My road came to an unexpected halt on November 9, 2010.

That morning, I was bicycling to work when a garbage truck turned across a city bike lane. I was in that bike lane.

A team of trauma surgeons saved my life, but they had to amputate my left leg. My body and life were forever changed.

The journey of a thousand miles begins with one step.

As I learned to walk again, I measured my recovery in steps and then miles. Over time that journey grew into something more -- a way of being in the world, wherever I go.

I am a person of ability and disability. I travel in the space between.
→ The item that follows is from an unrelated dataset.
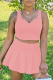Pink Sexy Solid Patchwork V Neck Sleeveless Two Pieces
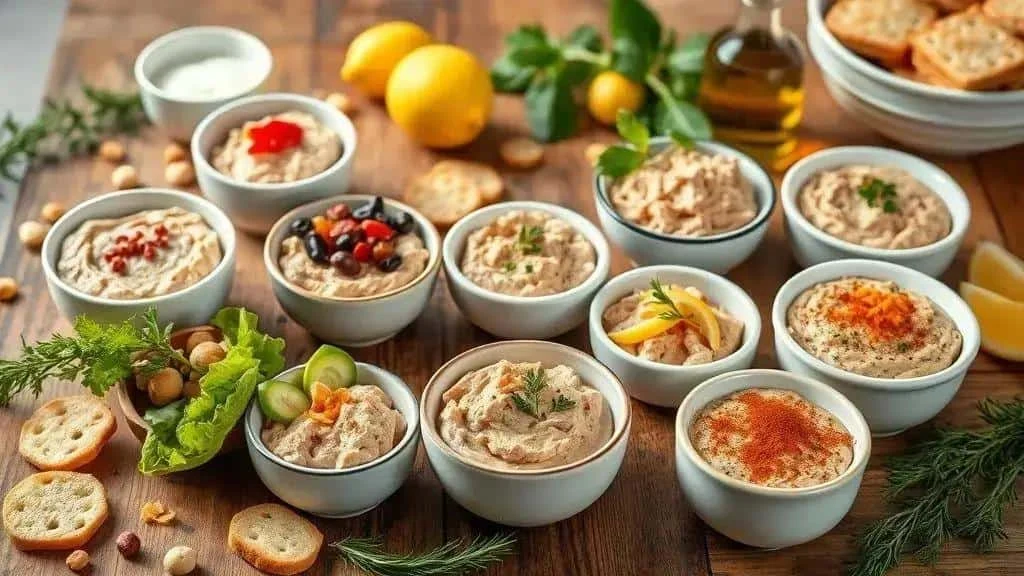 Tuna pate variations in small bowls Tuna pate variations in small bowls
These are my postcards.

Thursday, December 7, 2023

Hope Walks In

 "We've got to get you walking again," Tim says.

And just like that, hope walks in.

My prosthetic leg standing in front of a shoe rack, leaning on a dresser, plugged into my bedroom wall.
Oh, how I've missed it!

After 2 months on crutches, I tried to get my prosthesis on.

The socket didn't fit.  At all.

Socket fit is finicky, I know.  I'd been struggling with it since my earliest miles as an amputee.   

Still, I'd been anticipating this moment -- easing my little leg gently into the prosthesis, standing on my own "two feet" again.  

Even if it wasn't quite perfect -- I knew it wouldn't be -- it would still be the first step to feeling like my old self.  (Well, my old "new" self anyway.)

When it didn't fit at all, I sat on the edge of my bed and cried.


Six days later -- somewhere around Mile 12,145 -- I arrive at Prosthetic Innovations

I crutch through the parking lot heavily, weighed down by all that has changed.

But Prosthetist Tim isn't deterred.  In fact, he seems happy to see me.  

I tell him about the fall, and how bruised my leg was afterward. 

"It probably looked like your shirt," he says.

I glance down at my tie-dye t-shirt, splotches of blue and purple and gold and green.  

Yep.  I laugh. 

It's good to be back.

Tim gets out his measuring tape and loops it around my leg.  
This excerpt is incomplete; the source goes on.